┌──

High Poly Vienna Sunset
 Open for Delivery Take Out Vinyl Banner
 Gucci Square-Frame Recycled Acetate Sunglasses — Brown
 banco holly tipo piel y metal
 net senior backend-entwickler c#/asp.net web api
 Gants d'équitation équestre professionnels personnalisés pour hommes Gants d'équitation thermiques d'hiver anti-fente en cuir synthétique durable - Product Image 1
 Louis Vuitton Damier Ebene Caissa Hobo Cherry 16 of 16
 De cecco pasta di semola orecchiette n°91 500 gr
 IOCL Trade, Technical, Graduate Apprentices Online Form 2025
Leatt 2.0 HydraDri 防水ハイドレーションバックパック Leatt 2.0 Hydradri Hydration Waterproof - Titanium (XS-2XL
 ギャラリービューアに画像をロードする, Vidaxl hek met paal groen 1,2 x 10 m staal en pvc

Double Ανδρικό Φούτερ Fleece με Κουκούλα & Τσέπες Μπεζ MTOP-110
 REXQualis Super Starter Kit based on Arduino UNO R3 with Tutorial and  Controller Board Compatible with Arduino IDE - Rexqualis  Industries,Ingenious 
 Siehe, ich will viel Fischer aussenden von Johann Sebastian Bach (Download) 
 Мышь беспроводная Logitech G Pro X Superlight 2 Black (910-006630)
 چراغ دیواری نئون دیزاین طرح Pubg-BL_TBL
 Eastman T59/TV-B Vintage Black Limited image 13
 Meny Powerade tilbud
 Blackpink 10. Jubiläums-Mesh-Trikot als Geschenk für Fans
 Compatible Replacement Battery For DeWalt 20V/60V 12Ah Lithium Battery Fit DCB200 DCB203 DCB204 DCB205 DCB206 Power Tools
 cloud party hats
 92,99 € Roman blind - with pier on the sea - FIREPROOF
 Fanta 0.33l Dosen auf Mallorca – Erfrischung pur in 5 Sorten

└──

About this task:
For the string "with", return every line of the data where it appears.

Solution for this task:
 REXQualis Super Starter Kit based on Arduino UNO R3 with Tutorial and  Controller Board Compatible with Arduino IDE - Rexqualis  Industries,Ingenious 
 92,99 € Roman blind - with pier on the sea - FIREPROOF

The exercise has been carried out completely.